Immediately into the movie, I was confused. Where does this take place? Are we in the future? The past? Is this our world or some fantasy world? If this is the future, why does it look like depression era West Virginia?
The biggest complaint I have against the film is the complete lack of world building. We are told that there are 12 Districts, but given no context as to what that means or how large a District is? We are given nothing about the socio-political climate. We are shown that the people of District 12 are poor, or at least they appear poor by the standard of living here in this country that we have all enjoyed since the 1960’s.
It’s not until much later in the film that we see the rich and the powerful, and only once do we even see another District and it looks nearly identical to District 12. So, we again are asking ourselves “What is really going on here?” Are all the Districts poor? Are the Districts being oppressed? Is the government corrupt?
As the “Reaping” begins we are shown a short film about a war that happened nearly a century ago. It’s all very vague and unclear. We still don’t know who fought the war or why. We think the Districts lost, but we don’t know what the war was about. I’m sure more of this is in the book, and I wish the filmmakers would have tried harder to put it in.
The first act of the film is the weakest part, both in story and direction. The story lacks for all the missing background and setup information. The direction is questionable at best, the first act is plagued by excessive handheld camera effect that does nothing but disorient the viewer and give me a headache. I’m not sure what the director was thinking, but it is enough to turn away some people who were new to the series, like myself.

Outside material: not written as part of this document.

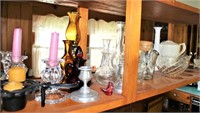 Glassware Lot-Candle Holders, Bowls, Vases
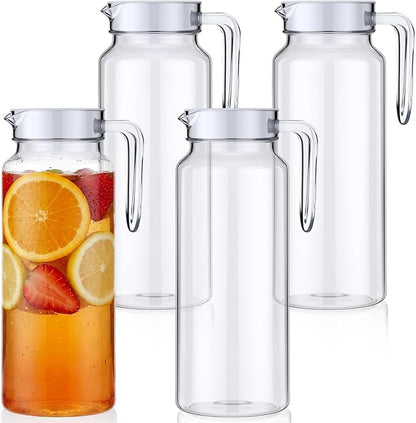 Didaey 4 Pcs Acrylic Water Pitcher with Lid, Spout Handle Clear Plastic Pitcher Heat Resistant Carafe Unbreakable Beverage Container Fridge Jug for Juice Ice Tea Sangria Lemonade(37 oz,Round)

Even stranger is that as the story progresses the effect diminishes. When the 2nd and 3rd act begin and the action picks up, where a handheld camera might be more useful, it’s not there. It’s almost as if they were teaching the camera operator how to hold the camera as they were filming.

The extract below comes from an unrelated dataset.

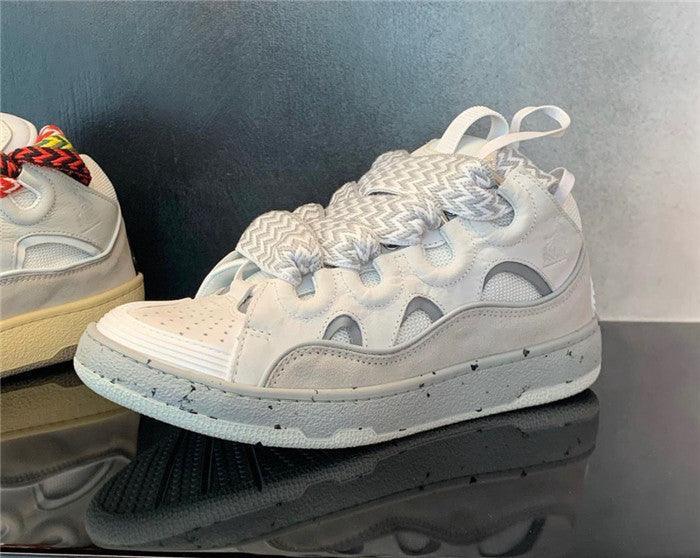 Premium Men Leather Curb Sneaker grey white Luxury Snickers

Once we leave the District, the story picks up and we get introduced to many new characters. Most are dressed like extras from a Lady Gaga video. It’s clear with the design aspects, especially the costume design, that there is a social commentary here, but its lost in the shuffle and the loss of the backstory. However, with no frame of reference for any of this commentary, it becomes meaningless.

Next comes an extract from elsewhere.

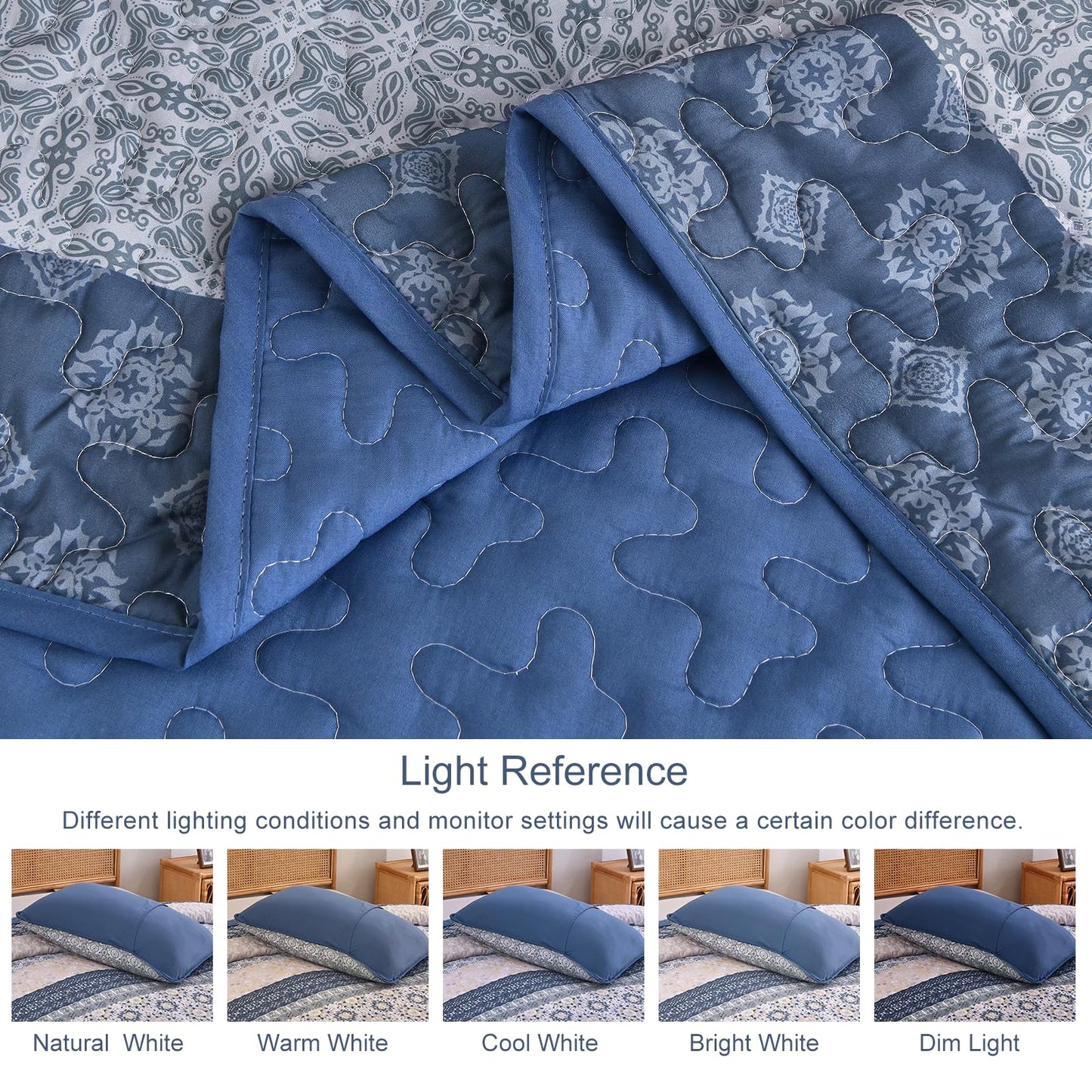 WONGS BEDDING Boho Quilt Set Queen, Bohemian Striped Patchwork Bedspread Coverlet Set with 2 Pillowcases,Lightweight Microfiber Floral Bedding Set 96"×90"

The second and third acts are stronger, featuring more action and the hints of a larger story at work. The ending leaves you confused. It’s no doubt referencing the missing backstory, that only those who have read the book will know. We are supposed to be believing that a bad guy has been humiliated and punished, but what we get is an old man who seems very upset about the state of his rose bushes.
What we have is a story that seems to be faithful to the events of it’s source material, but is lacking any of the true theme or message that is, hopefully, a part of the novel.
There is enough in the movie to make me interested in reading the books, but a film needs to be more than a trailer for the book. Especially one that is nearly 2 and a half hours long and has a multi million dollar budget. Fans of the series and potential fans who would be brought in to the series, deserve a better film than this.